Krescentia Knab Enz (1862-1943)  - (photo above She had lost her mother at a young age, her father remarried and had a couple of daughters. She came to America from Bottingen, Germany in 1883 at 21 years old,  alone, with plans to work in a restaurant in Philadelphia upon her arrival. While working there for $5 a month plus bread and board, she met Joseph and they married. Over the course of 22 years, they had 9 children, the last of which was a son who died. She was nonetheless a happy person, loved to dance and laugh!



Mary Ann Enz Cousins Beckman (1888-1964) - (photo aboveDaughter of Krescentia, she was really a hoot! Married Arthur Cousins, a spoiled Brit who didn't feel as though he needed to work, and had 2 kids. As World War 1 broke out, he took their kids to London to visit his family, and wasn't really planning to bring them back. Poor Mae (Mimi to us) busted her butt to earn passage there and eventually brought them home, later divorcing Arthur.

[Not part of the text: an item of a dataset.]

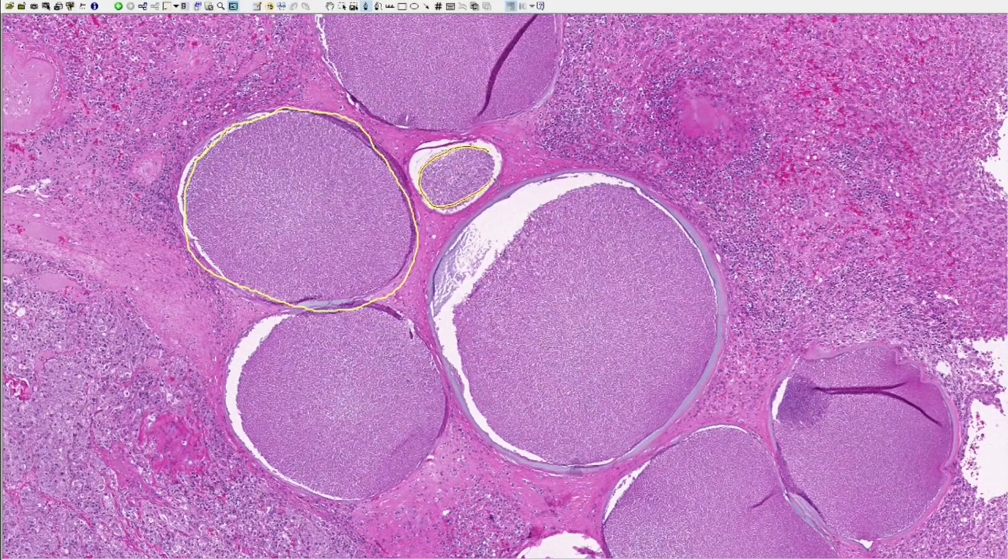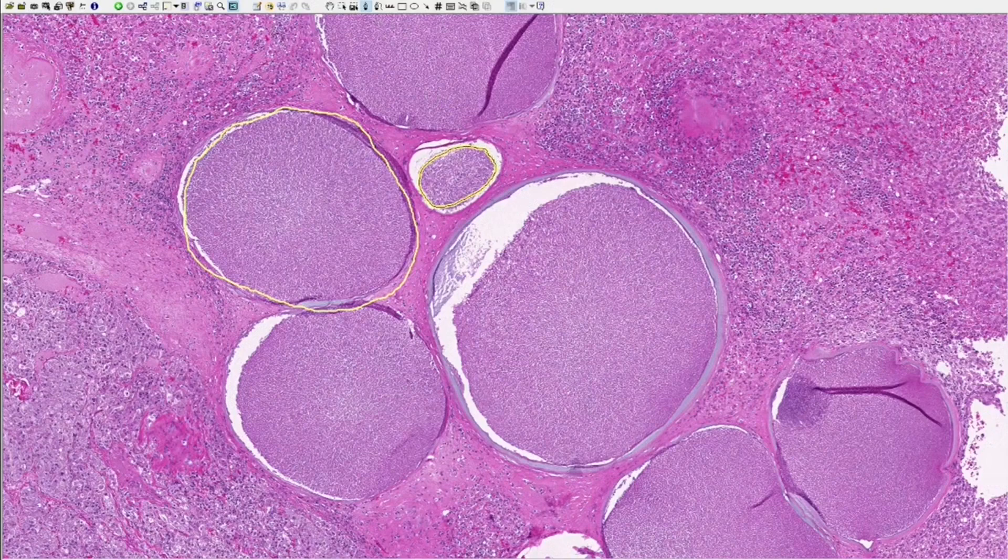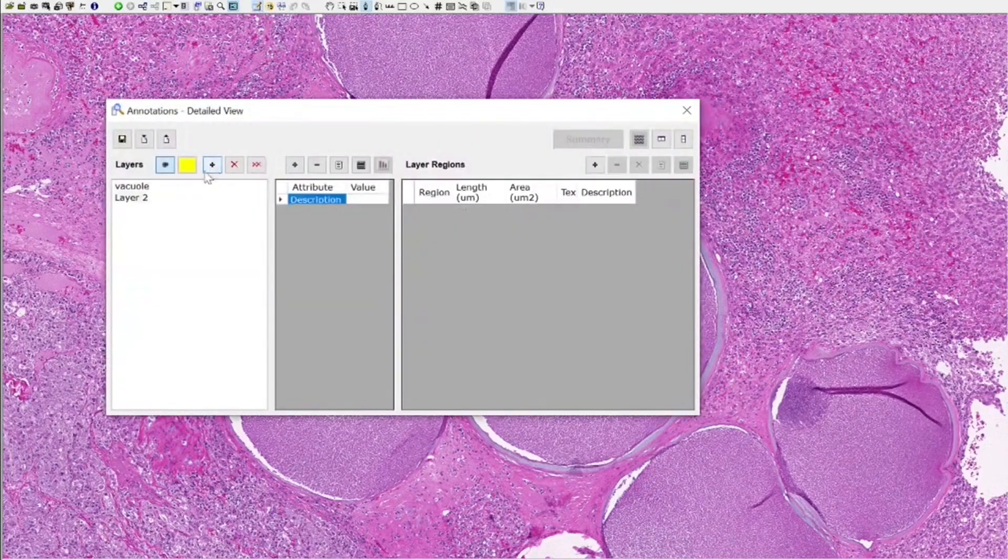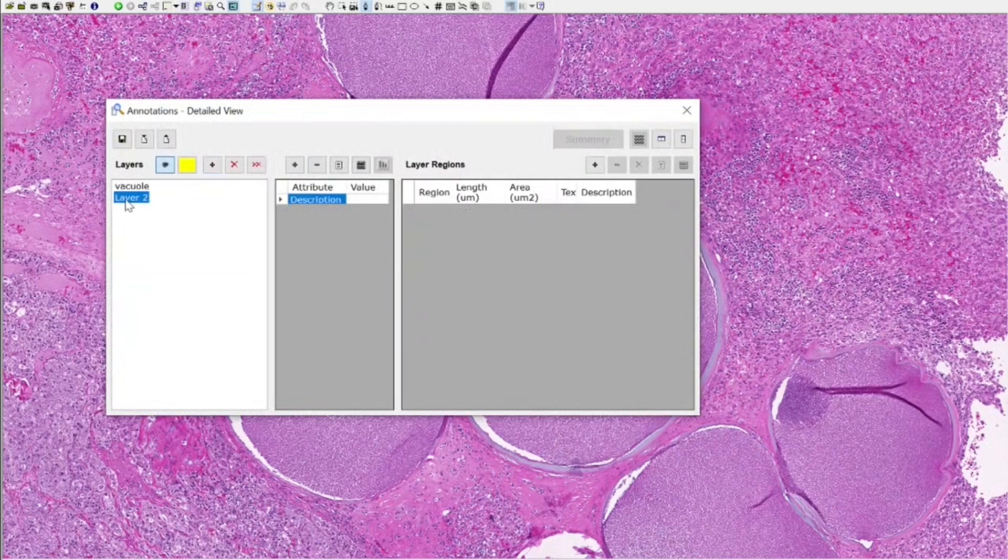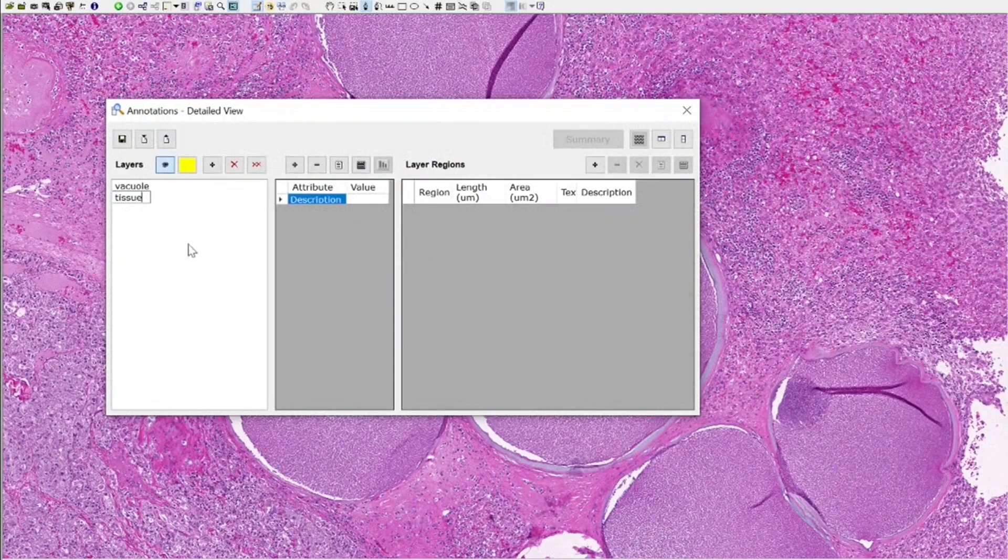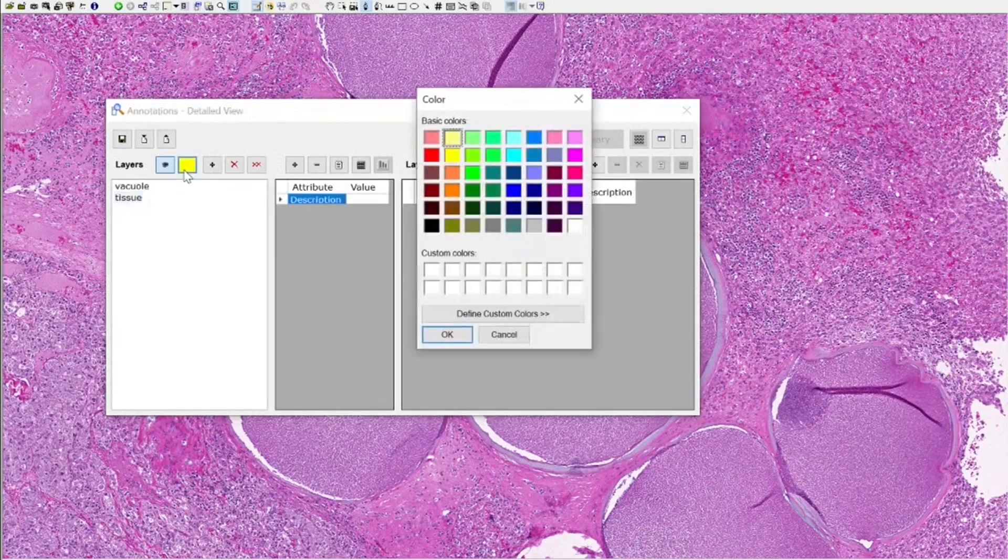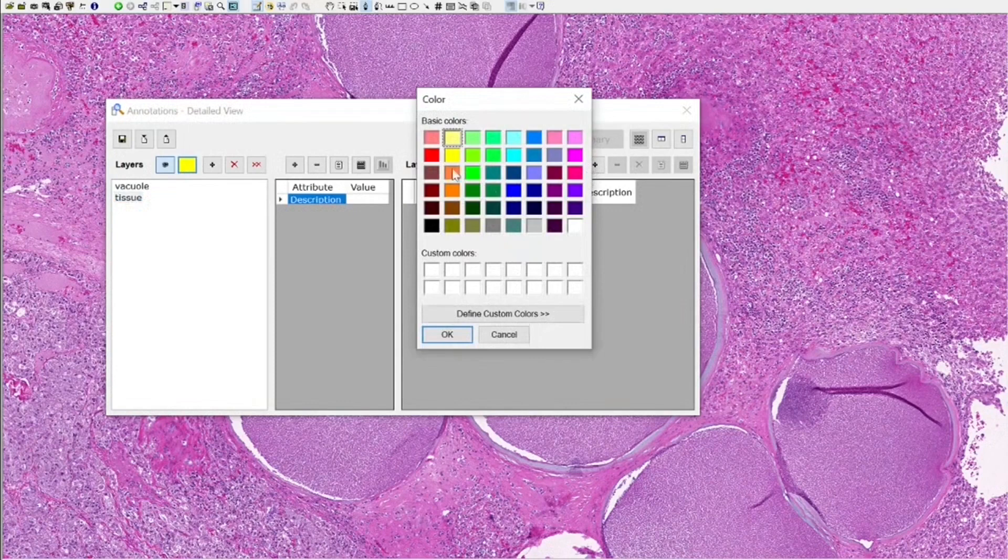If we want to, we can add another class by clicking this plus button. I want to just add a class called tissue. Vacuoles yellow, tissue. I'm going to change the color, I'm going to change it to red.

Mary Mallin Timmins Jukes (1837-1928) – Born in England, she was my kids’ ggg-grandmother. She married Israel Jukes around 1859, and had ten children! All but two lived into adulthood. What makes her remarkable is that she not only raised her children, but two of her grandchildren as well! And without Israel’s help, as he disappeared sometime while the children were young. Mary used to say, “One day there will be a knock at the door...and it will be your father,” but it never happened.
   Her daughter Annie married Homer Leslie Ingles, had twin boys Percy & William, then had another son, Earl in 1896, and died a week later, followed by little Earl 6 weeks after her. At this point, Mary was caring for the twins , with her daughters’ help, while Homer worked out of state. Suddenly, not 2 years later, in Nov. 1898, Homer died while visiting them and the arrangement became permanent. Percy said they didn’t have much, but were loved.
Caroline Marshall Coffin (1826-1912)  - Raised on the Eastern Shore of Maryland, Caroline married Nantucket native Obed Coffin, a mariner, in Baltimore. They had 7 children including a set of twins, and a son that died at 2 years of age. Obed spent the last 6 months of his life on a ship out of NY, on board which he accidentally died when a line broke and hit his head. Their children were ranging in age from 21 to 11 when he died, leaving them to fend for themselves. Her twin boys lived with her the rest of her life, along with their sisters from time to time. The boys all made their livings on the water. She is my kids' ggg-grandmother.

These mothers did their best under terrible circumstances, which most of us cannot imagine. We wouldn't be here without them!